A Table is a collection of records. It has the following members and methods:

header
A list of strings.
records
A list of records, each record being a list of strings.
where(f,v)
Returns a new Table containing the subset of records in which field f has value v.
dump()
Prints out the table.
grep(f,v)
Prints out the subtable for which field f has value v.

Parser

A Parser instance digests the information in the tables.

Compiler

The value of compile is a Compiler instance. It is used to create digested files. If called with no arguments, it creates the files

Utility functions

The function attribute_entries() iterates over the records for a given subject type or a given subject-relation pair. For example:

>>> i = attribute_entries('expression', 'label')
>>> i.next()
(('expression', 'label', 'string'), '3990756' u'!')

The entries are of form (t, v_1, v_2), where t is of form (t_1, r, t_2).

Collect variety languages. The function collect_variety_languages() iterates over the variety-language records, and constructs a table indexed by variety ID (an int), whose value is the variety's language. E.g.:

>>> vlangs = collect_variety_languages()
>>> vlangs[187]
'eng'

Collect approvers. The function collect_approvers() returns a table indexed by approver ID, in which the values are lists of form [lang, variety, quality, title].

Extracting bilexicons. A bilexicon is represented in Python by the class Bilex:

>>> b = Bilex('spa','eng')

Create raw. The first step is to create the raw bilexicon:

>>> b.create_raw()

This takes about 25 minutes to run. The output (in this example) is the file spa-eng-raw.txt in the directory /cl/data/panlex/lex.

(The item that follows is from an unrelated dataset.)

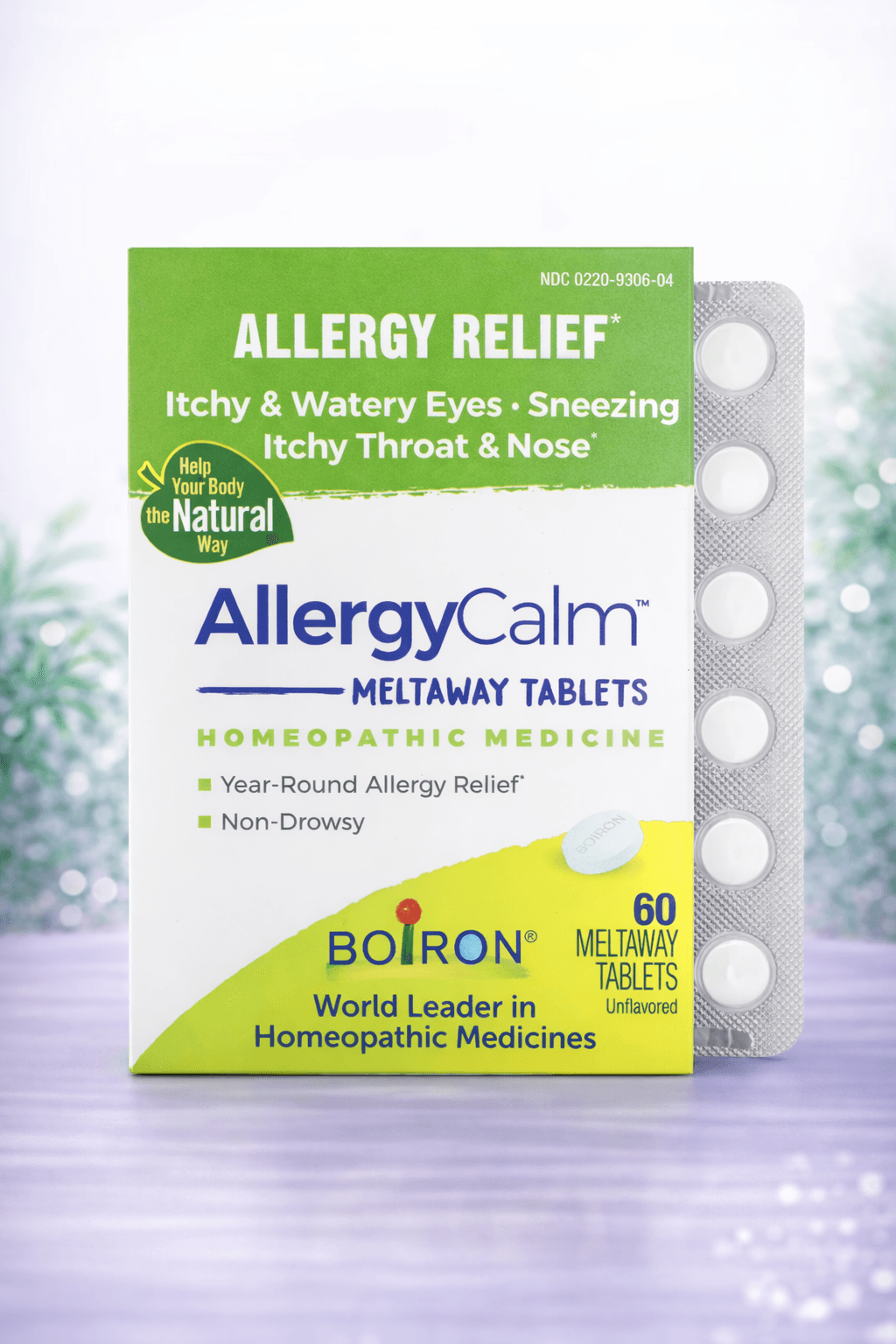 Boiron, AllergyCalm, Allergy Relief, Unflavored, 60 Meltaway Tablets– Allergiya belgilarini yengillashtiruvchi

The create_raw() method starts by loading the variety-language table, which maps varieties to their languages.

Then it goes through the expression-variety records, creating a table of expressions. The keys are expressions (ints) and the values are lists of form [variety, label, degraded text]. An entry is created only for expressions whose variety's language is one of the two languages of interest. Label and degraded text are initially set to the empty string.

Next it goes through the expression-label and expression-degraded-text records, filling in the other fields of the expression entries.

Next it creates a denotations table. It goes through the denotation-expression records. If the expression has an entry in the expressions table, then a new entry is created in the denotations table. The key is the denotation (an int), and the value is a list of form [expression, part of speech, meaning]. Initially only the expression is set. Part of speech is initialized to the empty string and meaning is initialized to 0.

Next it goes through the denotation-pos records and the denotation-meaning records, filling in the remaining fields in the denotation entries.

By that point, memory is pretty much full. Output is written to lang1-lang2-raw.txt. We pass through the denotations table. Each denotation entry contains an expression ID, we use it to fetch the expression entry. The expression entry contains a variety ID; we use it to look up the language. Each denotation generates one line of output, of form:

m lang v expr degraded pos d e

The single letters represent integer IDs: meaning (m), variety (v), denotation (d), expression (e). The denotation and expression IDs are included only for debugging purposes.

Sort raw. The method sort_raw() calls Unix sort to sort the raw file by meaning, language, variety, and label. The output is written to lang1-lang2-m1.txt. It takes a couple minutes to run.

Create m2. The method create_m2() adds approvers, and also filters out monolingual meanings. (I tried adding approvers when creating the raw file, but Python runs out of memory.)

>>> b.create_m2()

The method scans through the m1.txt file, collecting a table of meanings. For each block of meanings, note is kept of whether both languages are seen. If so, an entry is created in the meanings table, and otherwise no entry is created. The meanings table is indexed by meaning ID, and the value is the approver ID (initialized to 0).

After creating the meanings table, the method passes through the meaning-approver records and sets the values (approvers) for the meanings.

Next it calls collect_approvers() to get the quality information for each approver.

Finally, it passes a second time through the m1.txt file. Each time it encounters a new meaning, it looks in the meanings table to see whether it should be kept or not. If the meaning is a keeper, the quality of the approver is looked up in the approvers table. Each line from m1.txt that is to be kept is copied to m2.txt, and two new fields are added at the end: approver ID and quality. Hence the lines in m2.txt are of form:

m lang v expr degraded pos d e a q

where "a" is approver and "q" is quality (both are ints).

Create sources. The method create_sources() extracts detailed information about each of the approvers. It writes the file lang1-lang2-sources.txt. The line format is:

a rel value

where "a" is the approver ID. The relations (attributes) are: lang, variety, regdate, label, creator, isbn, lic_id, license, year, publ, title, and url. An empty line is inserted before each block of records sharing a common value for "a."

By word. The method by_word() creates a file containing lines of form

word-lang1 quality word-lang2

The method sort_by_word() then sorts that file.

It turns out that the quality scores for the approvers are not very informative about whether the entries are actually good. For example, the top quality source (quality 7) for the Spanish word "a" includes meanings "crazy," "missionary," and "physical" - completely bogus. A much better gauge appears to be the number of sources in which the translation occurs.